Overall, this week's statehouse elections brought Republicans 33 seats in the House of Delegates -- an increase of eight seats over last year, and a bigger GOP delegation than the party has claimed in Virginia since Reconstruction.
"I don't think there's any question that the House will be more partisan," said House majority leader Thomas Moss (D-Norfolk), who promised that Democrats will be tougher at redistricting the state to maximize the Democratic advantage. A federal court declared the first redistricting plan unconstitutional and ordered the legislature to redraw its House districts.
"We've been criticized in the past for not being partisan enough," Moss said. "If we can be a little more partisan and protect ourselves more, we should."
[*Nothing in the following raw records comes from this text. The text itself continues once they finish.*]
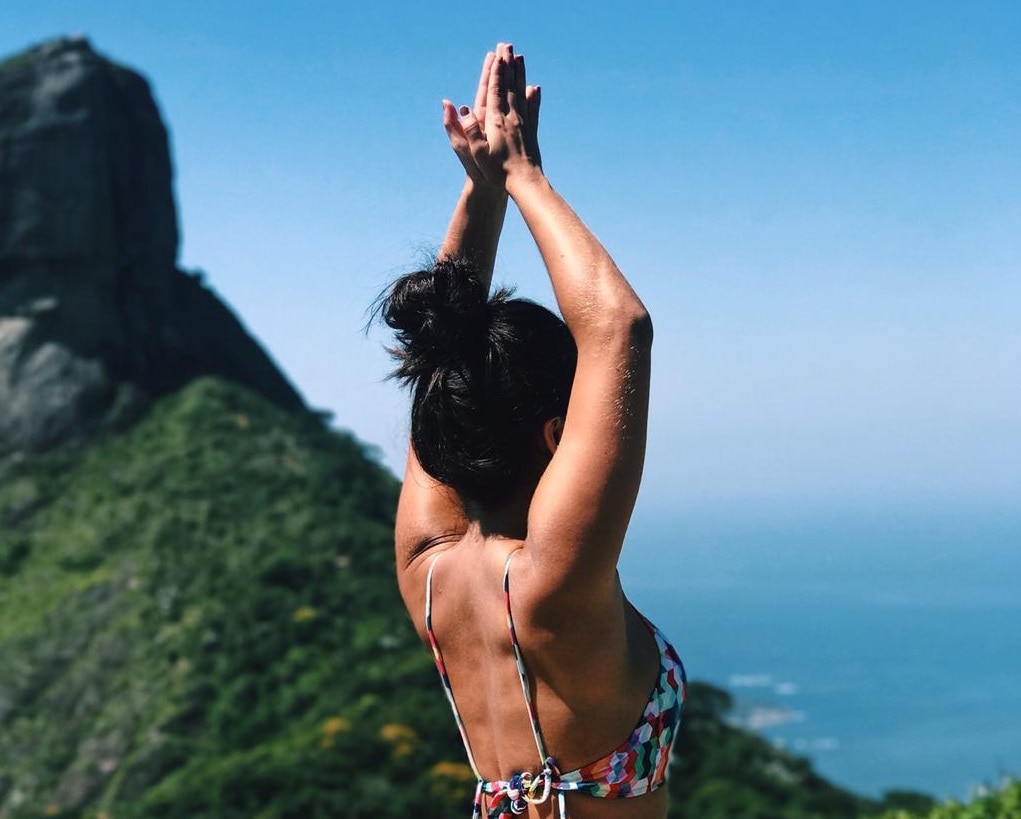 Camila Moll faz ioga no alto de um morro, com o cume ao fundo, o mar e o céu.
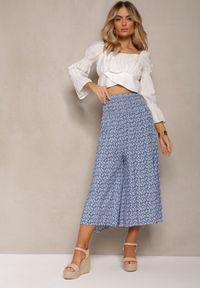 Renee - Niebieskie Bawełniane Spodnie Culottes z Szeroką Gumką w Pasie i Kwiatowym Printem Pellagia. Okazja: na co dzień. Kolor: niebieski. Materiał: bawełna. Wzór: kwiaty, nadruk. Styl: casual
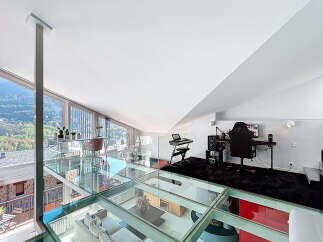Experience luxury living in this stunning modern loft with a unique glass floor design.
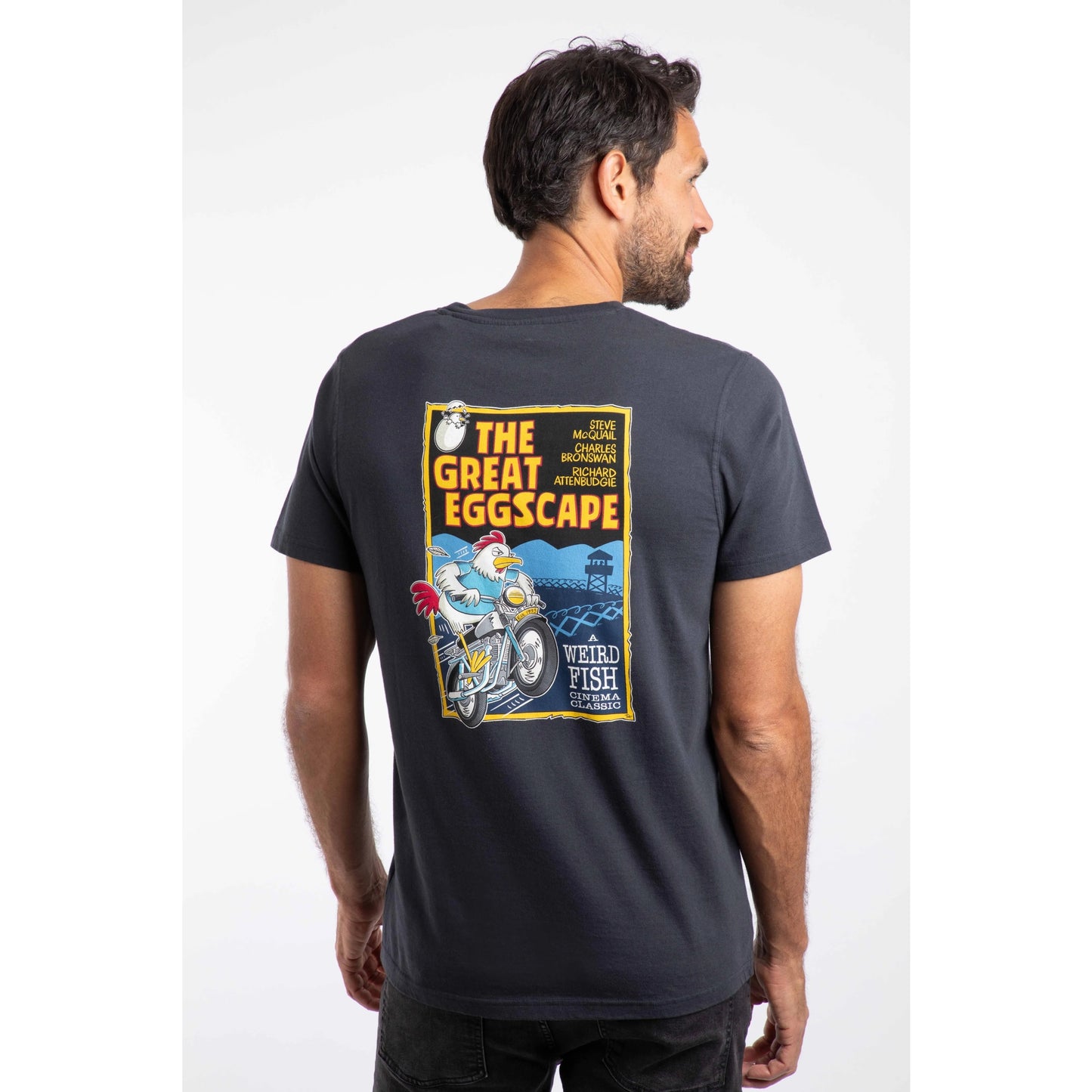 Man wearing a navy t-shirt with a colorful graphic on the back, set against a white background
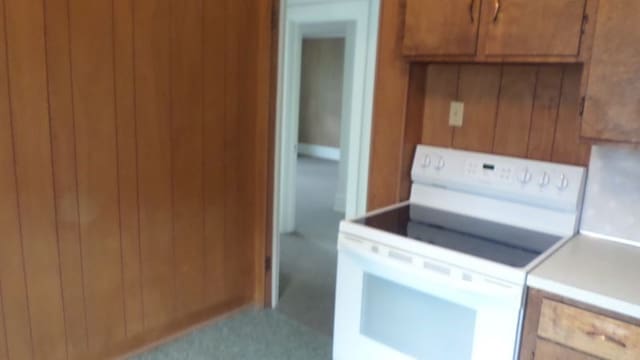 kitchen featuring wood walls and white electric stove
Despite their new-found voting strength in the House, Republicans are in no way assured of more clout when the legislature convenes in January. With the loss of the governor's office and the surprise defeat of House Republican leader Jerry Geisler (R-Carroll), many say there is a danger that the GOP will become fragmented and rudderless.
"It was always very helpful for the minority to have a friend (in the governor's office)," says Del. Vincent F. Callahan, a Fairfax Republican who is in line for the minority leader's job. "Now we'll have to look within our own ranks. It'll be a whole new ball game."
Some of that fragmentation is sure to show up when the General Assembly begins considering the state budget, which Robb has said will reflect massive federal funding cuts and a shortfall of at least $1 billion. So far, Robb has not indicated how he plans to handle the problem, but there are only two solutions -- tax hikes and program cuts -- and either will cause a heated controversy.
So will any proposals for tightening the state's weak conflict of interest laws. Virginia's legislators last year refused to impose stricter disclosure rules on themselves or establish an ethics commission.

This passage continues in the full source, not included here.